Pain management
From Drug Rehab Wiki
Pain management is a medical specialty concerned with the treatment and alleviation of pain, whether it is short-term, long-term or chronic.
About ten years ago, the Joint Commission on the Accreditation of Healthcare Organizations changed its rules about pain management. Whenever a health care professional, working either in a hospital, nursing home, doctor's office or during an at-home visit, took the four vital signs of any patient, he would now be required to ask about his patient's pain level. "Pain" became the fifth vital sign to be routinely measured along with temperature, pulse, respiration, and blood pressure. The management of pain is now a medical specialty, and the organization that oversees the specialty is called the American Academy of Pain Medicine.
The downside of changing the rules regarding pain management is that it may have contributed to an epidemic of prescription painkiller abuse in the United States. Once doctors began prescribing more and stronger painkillers, these drugs began to appear routinely in family medicine cabinets. In fact, the majority of people addicted to opioid drugs have told government researchers that they obtain them through friends and family, not street dealers.

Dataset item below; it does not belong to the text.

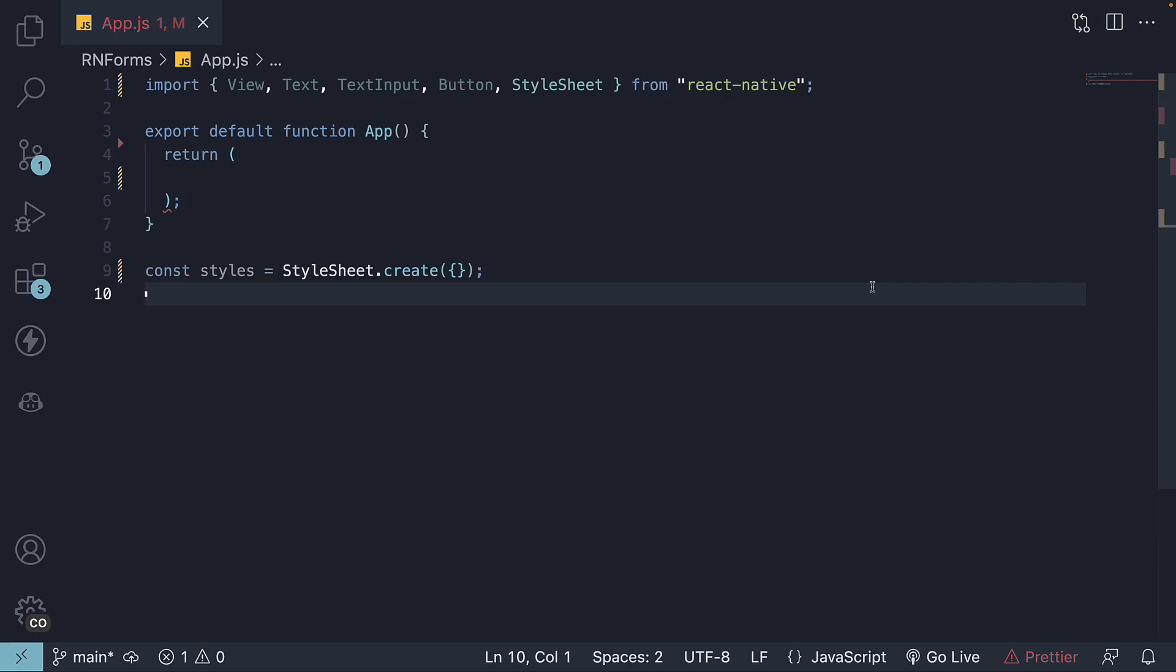Welcome back. In our previous videos, we have covered inputs in React Native. Now let's talk about forms. We're going to be learning this through a series of four videos where we will be building a login form from scratch. In this particular video, our focus will be on building the user interface for our login form.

The loosening of the guidelines surrounding pain management came partly in response to the development of a new family of painkillers in the 1990s, that included drugs with brand names like Celebrex, Vioxx, and Bextra. These drugs offered a middle ground between over-the-counter products such as ibuprofen, aspirin, and acetaminophen and strong addictive narcotics, such as oxycodone and hydrocodone. However, what happened is that drugs formally used only for terminally ill patients, who could not become addicts, began being prescribed for other conditions. Dentists, for example, now prescribe strong painkillers such as Vicodin for tooth extractions, and physicians prescribe similar products for routine injuries, such as sprains. In the past, patients with such short-term pain were often told to take aspirin.
Many kinds of over-the-counter drugs are now available for pain relief, such as non-steroid anti-inflammatory drugs like ibuprofen, aspirin, naproxen sodium (Aleve) and ketoprofen. Ibuprofen, sold as Advil, Motrin and Nuprin, is considered a short-acting, weak painkiller. Acetaminophen, sold most often under the brand name Tylenol, does not fight inflammation and is gentler on the stomach than the others mentioned, but it can damage the liver and kidneys if too much is taken. Acetaminophen, aspirin, and ibuprofen are often combined with stronger painkillers available only by prescription.
Corticosteroids, sometimes called steroids, are synthetic drugs chemically designed to mimic natural hormones. They reduce inflammation better than ibuprofen and aspirin, but because they have certain serious side effects such as ulcers, weight gain, and calcium loss, steroids are usually only prescribed on a short-term basis or as a fallback treatment.
Opiate or narcotic pain killers are chemically similar to opium, a drug made from poppy plants. Most opiate painkillers are man-made. They differ from each other in how long they last, how long it takes before they take effect, and how strong they are. The weaker ones are usually used for moderate to mild pain and sometimes combined with over-the-counter drugs that enhance their effect. Strong opiates are usually only prescribed for severe pain or for terminally ill patients.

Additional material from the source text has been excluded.